- Most stablecoins are tied to the US dollar (USD) or another fiat currency.
- The “price of living” may serve as a backing for Coinbase’s flatcoins.
Companies have continued to develop despite widespread regulatory monitoring. A leading cryptocurrency exchange, Coinbase, is investigating “flatcoins” on its Base network. Inflation-pegged stablecoins, or “flatcoins,” were recently disclosed by Coinbase to be necessary for development on the Base network. This is one of three important breakthroughs the company plans to implement on its layer-2 network.

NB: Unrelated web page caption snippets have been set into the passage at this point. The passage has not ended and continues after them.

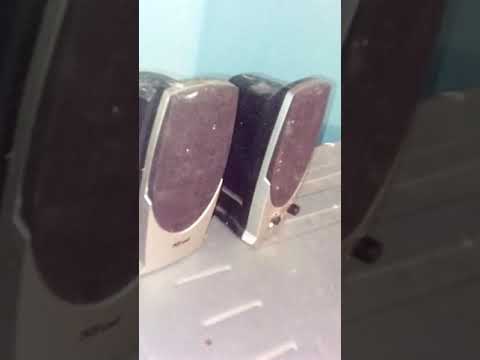 Dragoș Vizitiu Bela Bela Asta E Muzică Mea 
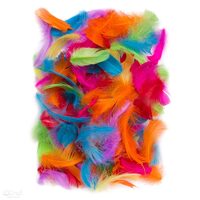 CEPI-026 - Set 10g pene asortate colorate, 5 - 12 cm , nuante deschise - DP CRAFT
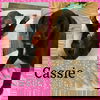 Cassie now Abby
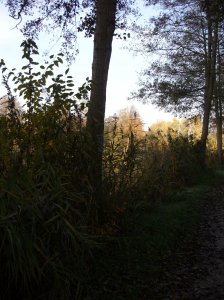 herbst_in_badbodenteich_09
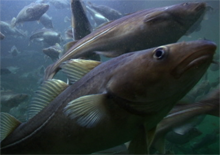 bsmap_fish2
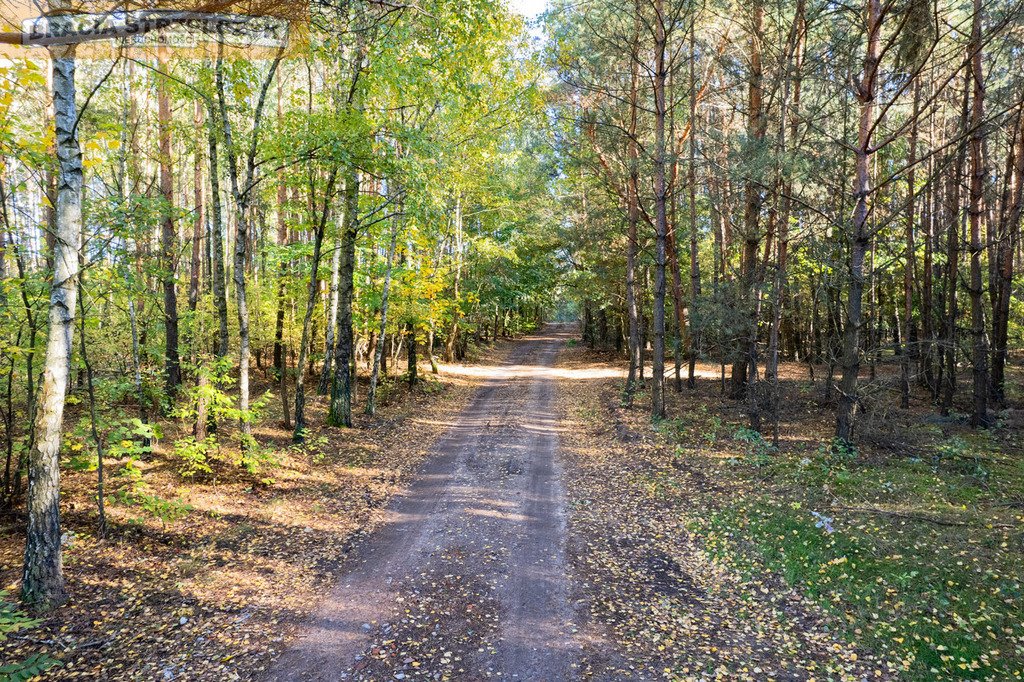 Działka budowlana na sprzedaż Gutarzewo  45 500m2 Foto 11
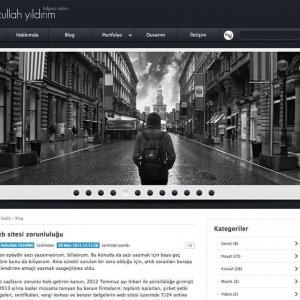 Kişisel web sitesi scripti (asp)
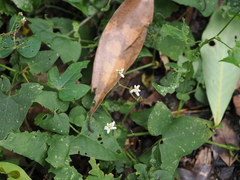 Persicaria senticosa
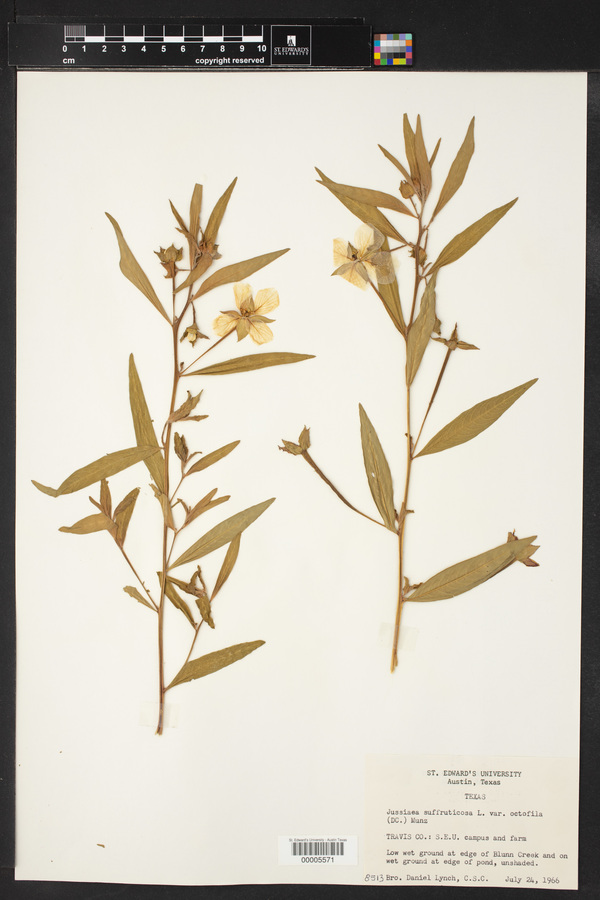 Ludwigia octovalvis subsp. octovalvis image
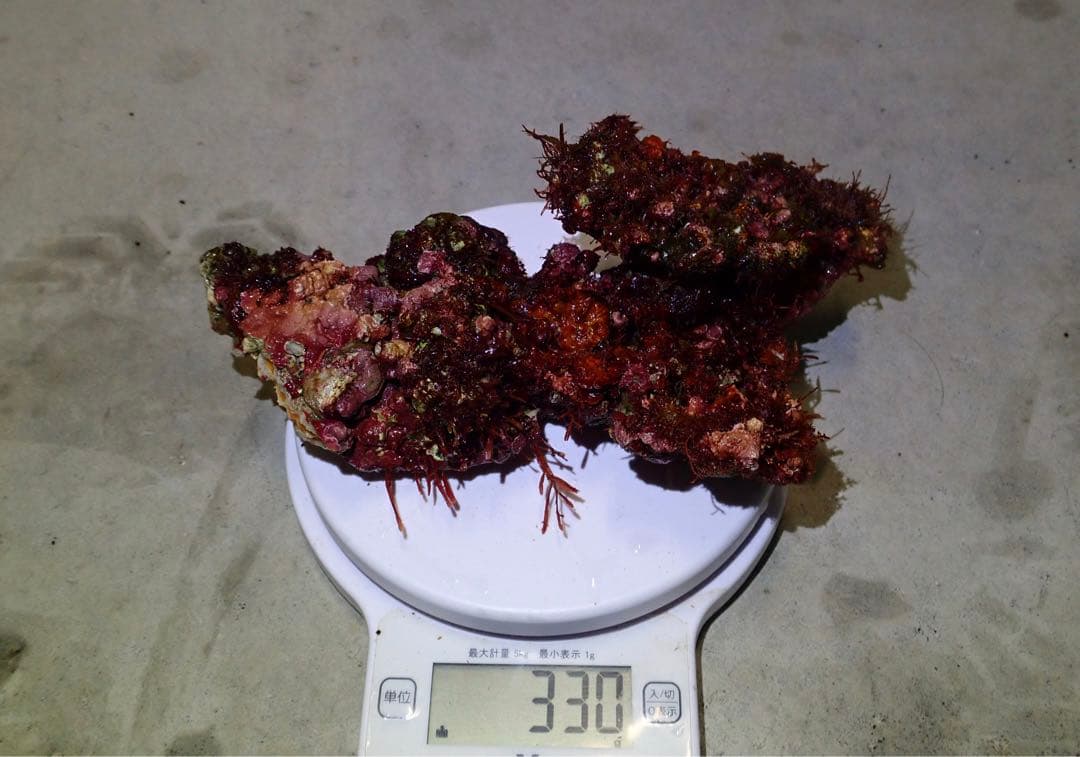 ライブロック　約4.6kg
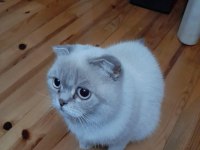 10 aylık scottish fold
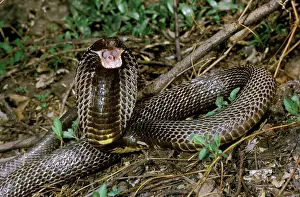 Spitting: Ringhal's Spitting Cobra
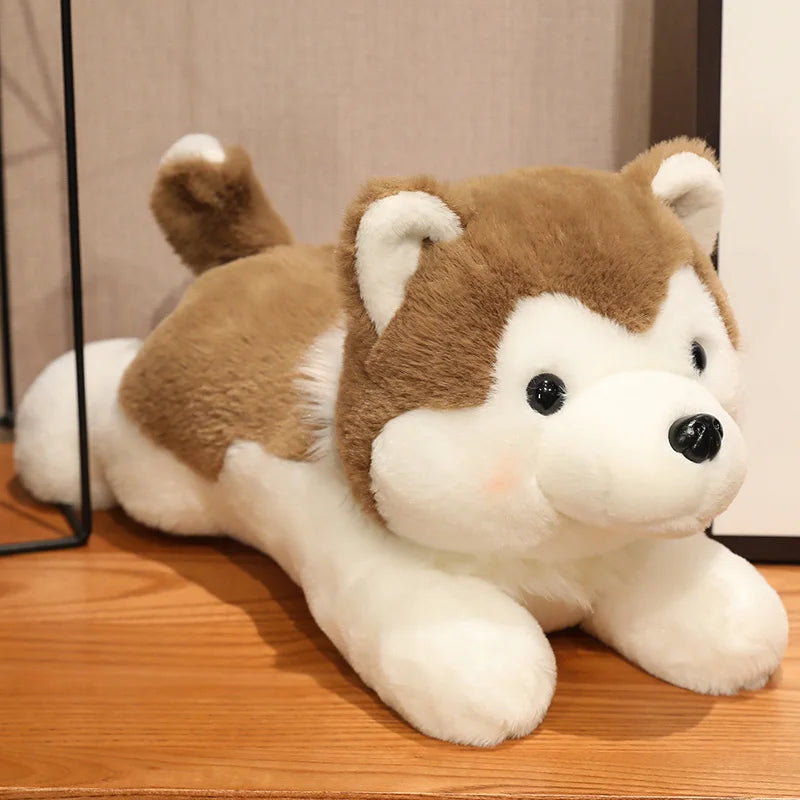 peluche chien Husky marron sur meuble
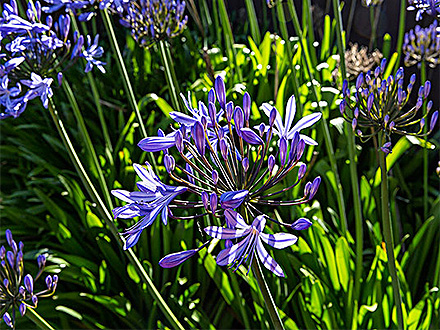 中欧体育下载客户案例一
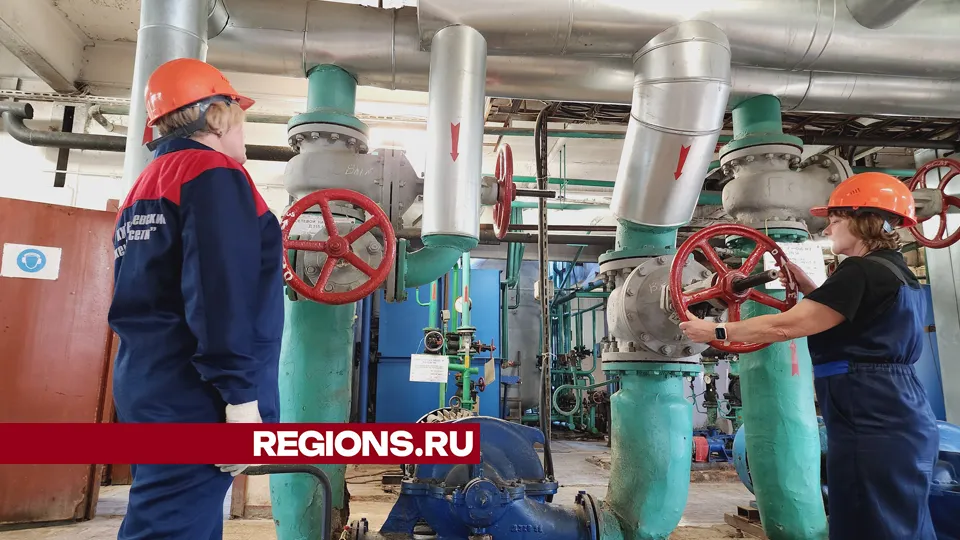 Фото: REGIONS/Василий Тремасов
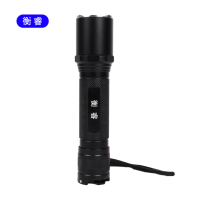 衡睿 HR001K2 应急照明灯手电 个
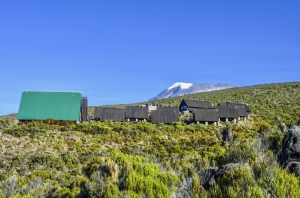 How Beneficial The Impeccable And Affordable Kilimanjaro Climbing Tours Can Be?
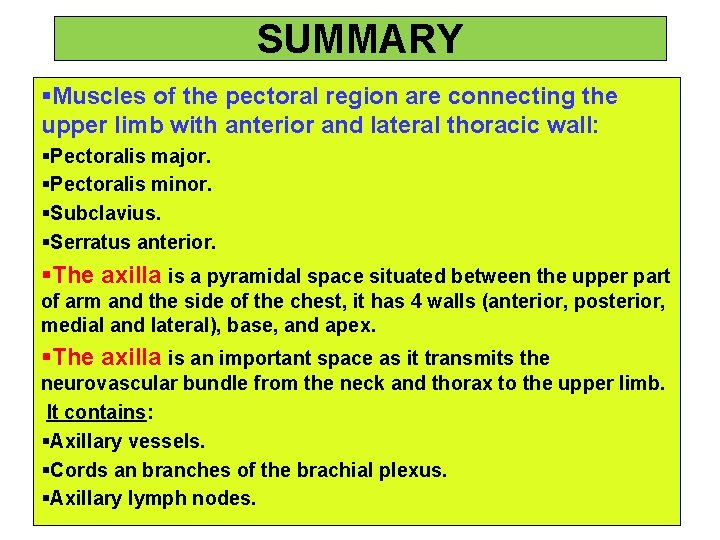 SUMMARY §Muscles of the pectoral region are connecting the upper limb with anterior and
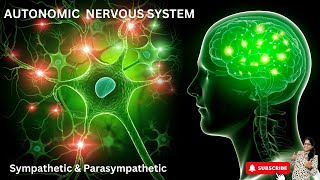 AUTONOMIC NERVOUS SYSTEM  SYMPATHETIC amp PARA SYMPATHETIC NERVOUS SYSTEM  MOLECULAR MYSTERIES [upl. by Marozik563]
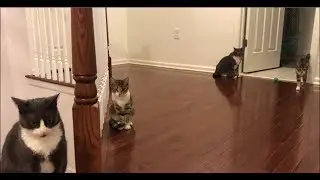 Cats Teach Kittens: How to Annoy Your Sister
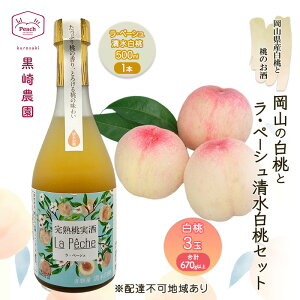 yӂ邳Ɣ[Łz  Zbg 2026N st R̔ 3 v670gȏ ̂Ey[V 500ml 1{Zbg ʕ L[@͂F2026N65`720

The new exchange activity is being seen as strange since most stablecoins are tied to the US dollar (USD) or another fiat currency. The “price of living” may serve as a backing for Coinbase’s flatcoins. The CPI and other measures of inflation will be monitored to ensure this is the case.
Inflation Tracking Stablecoin
There was a lot of buzz around the debut of the Base network. The first phase of the layer-2 network is to issue a flatcoin tied to inflation. According to Coinbase, developing an inflation-tracking stablecoin that challenges central banks’ erroneous monetary policy choices is the need of the hour, in light of the present financial crisis.
“[We] are particularly interested in ‘flatcoins’ — stablecoins that track the rate of inflation, enabling users to have stability in purchasing power while also having resiliency from the economic uncertainty caused by the legacy financial system.”
In addition, since their value would be pegged to inflation, these holdings would be safe investments. Because of the uncertainty of the local currency, this feature is especially helpful in countries or jurisdictions with significant inflation rates.
Developers are encouraged to create not just flatcoins, but also an on-chain reputation system and an on-chain limit order book (LOB) exchange. Tools to increase the safety of the DeFi environment have also been sought.